# romex clamps threads too short



## Majewski (Jan 8, 2016)

Huh? You're trying to put plastic bushings on romex clamp fittings?


----------



## jw0445 (Oct 9, 2009)

Never found the need to put them on romex connectors. I have used them on emt and rigid.


----------



## RICK BOYD (Mar 10, 2008)

*I guess they wont fit cuz there not needed*



jw0445 said:


> Never found the need to put them on romex connectors. I have used them on emt and rigid.




I guess they wont fit cuz they aren't not needed


----------



## HackWork (Oct 2, 2009)

RICK BOYD said:


> I guess they wont fit cuz they aren't not needed


No, they are never needed on a connector.

I often put them on 1-1/4" and 2" SE/R cable clamps because inspectors are idiots.  Never on romex connectors, though.


----------



## macmikeman (Jan 23, 2007)

Smaller romex connectors like 1/2 and 3/4 are definitely too short to even get the locknut on properly when using a pvc junction box like the ones they sell in the Box Stores. I'm just throwing this in here so somebody else don't make the same stupid mistake I did punching holes in the sides of one thinking it would make a good j-box for a panel move. Bad idea. Don't do it. Buy a metal one. Keep your profit level high. Don't waste your time. It's a long drive to Home Depot and gas is expensive. Am I making my point clear enough? You will end up using those button things that tear up the sheath on your romex cables. It will be bad all around....................


----------



## RICK BOYD (Mar 10, 2008)

so where do I find the code rule on bushings ?? 314.17 ??


----------



## HackWork (Oct 2, 2009)

300.4(G) Insulated Fittings. Where raceways contain 4 AWG or
larger insulated circuit conductors, and these conductors enter
a cabinet, a box, an enclosure, or a raceway, the conductors
shall be protected by an identified fitting providing a smoothly
rounded insulating surface, unless the conductors are separated
from the fitting or raceway by identified insulating material
that is securely fastened in place.
Exception: Where threaded hubs or bosses that are an integral part of a
cabinet, box, enclosure, or raceway provide a smoothly rounded or flared
entry for conductors.
Conduit bushings constructed wholly of insulating material
shall not be used to secure a fitting or raceway. The insulating
fitting or insulating material shall have a temperature rating
not less than the insulation temperature rating of the installed
conductors.


----------



## Eddie702 (Aug 7, 2015)

A manufactured fitting, romex connector, sealtight connector, flex connectors, emt connectors etc. does not need an insulating bushing unless wire larger than #4 is installed.
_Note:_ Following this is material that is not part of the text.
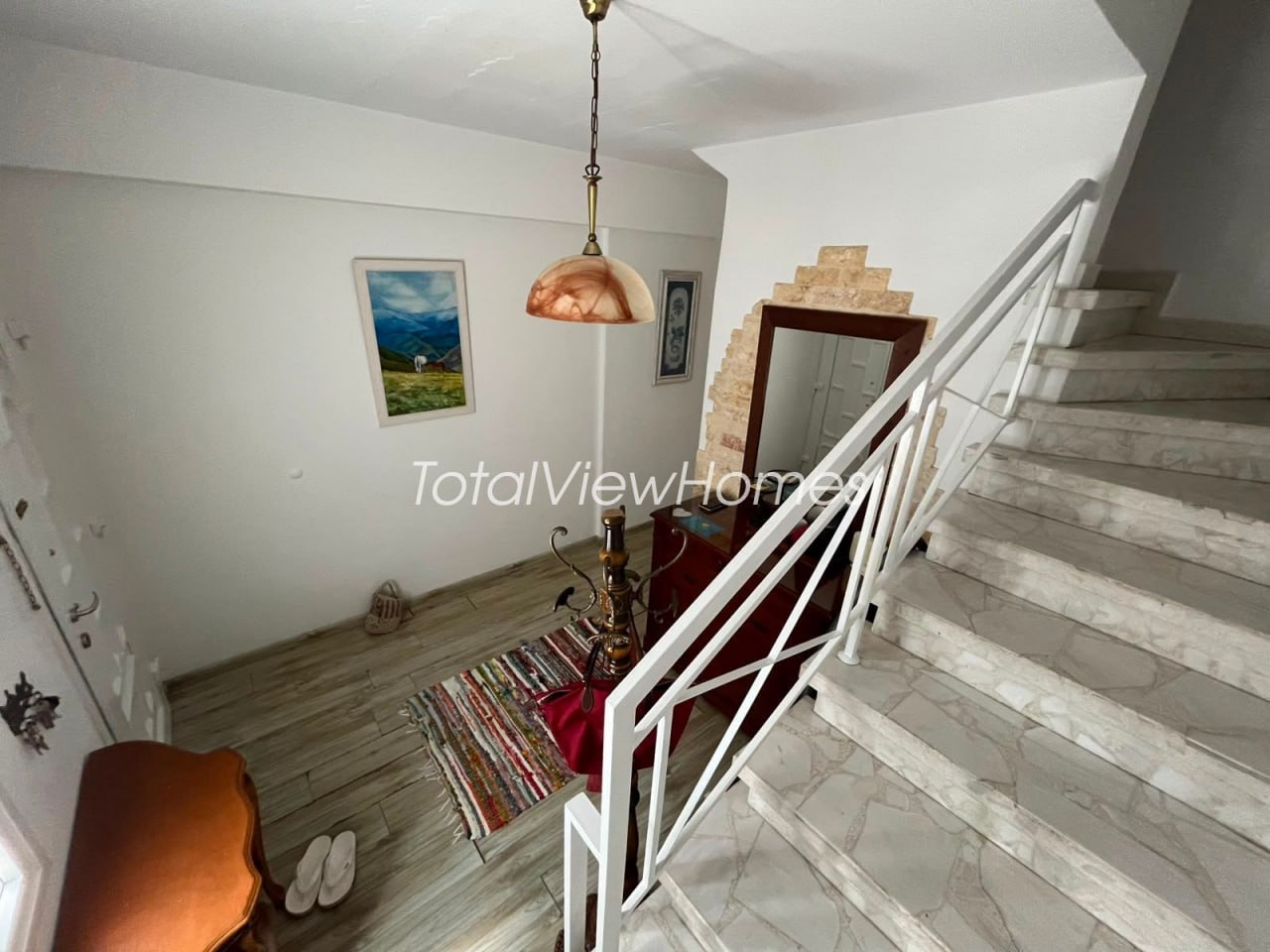 3-bedroom house in Agios Tychonas, Limassol 4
Rigid conduit always needs a bushing.

Does not mean they are not a good idea but the smaller size of fittings sometimes does not have enough thread on it to install them.

They used to make a product called an "insuliner" kind of like a red head that you could slide in the pipe or fitting. 

Don't even know if they are still available

I think bushings are a good idea on PVC TAs as I have seen wire getting "skinned" when pulling without a bushing


----------



## HackWork (Oct 2, 2009)

Eddie702 said:


> I think bushings are a good idea on PVC TAs as I have seen wire getting "skinned" when pulling without a bushing


Bushings are required on PVC connectors (male adapters, T/A's, whatever you call them) the same as if they were EMT connectors.


----------



## TGGT (Oct 28, 2012)

Are you an industrial electrician?

Sent from my SM-G930T using Tapatalk


----------



## Eddie702 (Aug 7, 2015)

@HackWork

Bushings are not required on EMT connectors unless the wire is larger that #4 as far as I know. Am I missing something??


----------



## HackWork (Oct 2, 2009)

Eddie702 said:


> @HackWork
> 
> Bushings are not required on EMT connectors unless the wire is larger that #4 as far as I know. Am I missing something??


No, you are correct.

And they are required for PVC connectors the same way. 

You mentioned that you think they are a good idea on PVC, I just wanted to make it clear that they are required on PVC just like they are on EMT (with conductors #4 or larger). 

Some people think that bushings aren't required on PVC connectors at all.


----------



## Eddie702 (Aug 7, 2015)

@HackWork,

Got it. Yeah, I have seen that. PVC with no bushings, just because it's plastic it still cuts pretty good.


----------